The numbers are original. You don’t feel like you’re seeing any repetition, which isn’t easy! Duos sizzle with passion and pyrotechnic style lifts. Group numbers feel rehearsed to within an inch of their lives, and there’s even an all-male number which sees four men dance the tango in two couples. This isn’t an exploration of homosexuality in South America though, but rather an ‘I’m so alpha I can dance with my best mate’ type of affair.
As wonderful as the show is, it did get me thinking about what it must be like to be Argentinian and not an archetypal man or woman in reality. Not easy. The show clearly only deals with brutish men and sensual women, and perhaps subconsciously asks a bigger cultural question: is there space for anything else in tango, and Argentina as a whole? And if not represented in modern explorations of (the national) dance then where…?
That said, it’s still a sight to behold. Just don’t expect anything off piste. At all.
Of all the female dancers, Gisela Galeassi, also the assistant choreographer and partner of Cornejo, is truly outstanding. She has undeniable star quality. Her style of dancing feels different, less obvious, and more understated compared to her on-stage peers, but this doesn’t weaken her presence – it amplifies it, drawing you further in. I love the way she uses her eyes. They’re very rarely at eye level, or obviously connected to her partner’s – instead she has this long, projected diagonal downward look. It’s incredibly powerful.

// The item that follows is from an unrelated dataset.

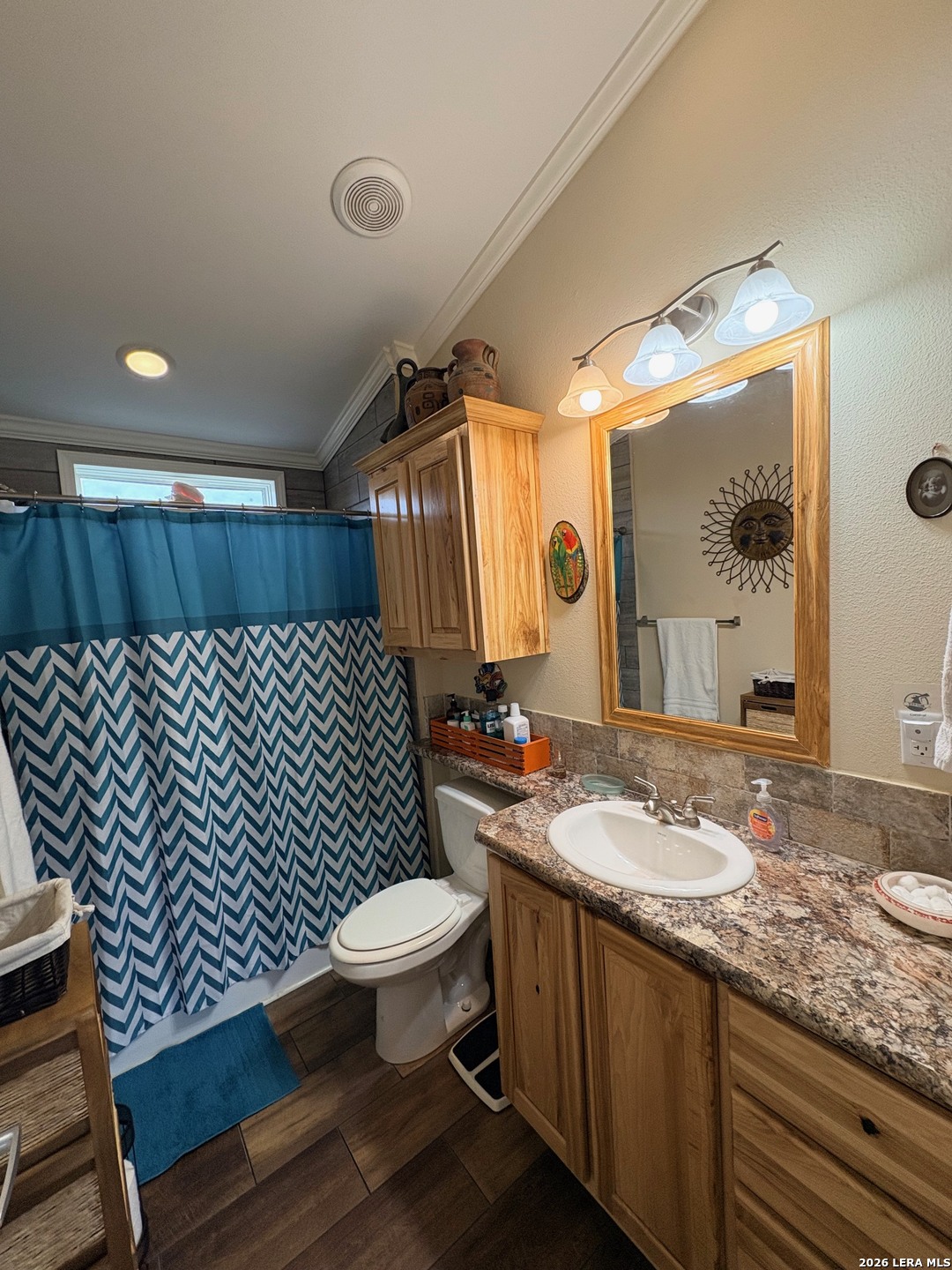 282 Oak Trail Pipe Creek TX 78063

Other dancers to look out for are Micaela Spina who can penché with the best of them, and Ezequiel Lopez and Camila Alegre who have two tangos that are jaw-dropping. Alegre has a brilliant deadpan sultry presence – very, very watchable.

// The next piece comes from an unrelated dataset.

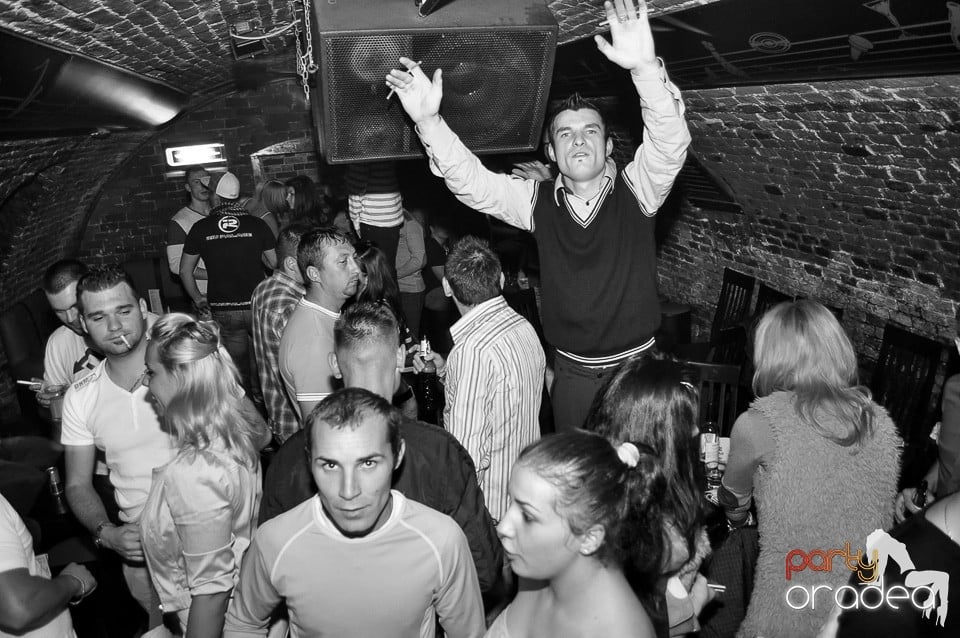 Party Tonight @ Club Escape,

Three production suggestions. One: lose the pieces of material wafting around during one of Cornejo and Galeassi’s duos. What they are doing is much more interesting than the cheap polyester diversion – it doesn’t work or add to the experience. Two: rethink the wind machine velocity and atmospheric dry ice levels – at times it looked like there was a raging forest fire in the top stage left wing! And three: Spina needs more hair grips. The bob is undoubtedly more complex than the classic up-do, but she had two hairpiece situations. She coped well, but they were apparent in an otherwise spotless show.
Having the band on stage is always a good move. The musicians are super, and I mean SUPER. The drummer specifically had a major groove. Both singers are top notch, but Antonela Cirillo is on a different level. Total diva situation. Mega vocals and what a presence. She also had a pair of earrings at one point that deserve their own show.

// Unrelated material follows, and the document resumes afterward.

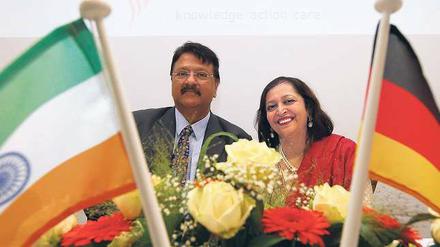 Haben noch eine Firma in Berlin. Der Milliardärs Ajay Piramal und seine Frau Swati kauften im April dem Pharmakonzern Bayer die Sparte für molekulare Bildgebung ab.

The second half had longer moments for the music to take centre stage. Of course, it’s there throughout the whole evening, but without the dance, one becomes even more aware of Piazzolla’s range. Everything resides in the music: the drama, speed, sensuality, and abandon. This of course transfers into the dance with footwork at the speed of light, razor-sharp leg slices and kicks, sultry, slinky slides, and partner work and lifts I wouldn’t even know what to call. Think Kenny Everett (all in the best possible taste!) with a side of ragdoll executed by the most seasoned professionals.
I’d like to acknowledge the high-end and vast costuming of the production. Many different vibes from Murder on the Orient Express to Zorro! The night ended with the slickest curtain calls in the biz, which I very much appreciated. And off we all went – with the bandoneon still in our ears – dreaming of trips to Buenos Aires.
Go see this show.
Side note: please, Peacock Theatre, try to do better: don’t let people eat crisps in the auditorium and don’t let people film the performance on their phones. It’s unacceptable and off-putting and it’s your job to deal with it.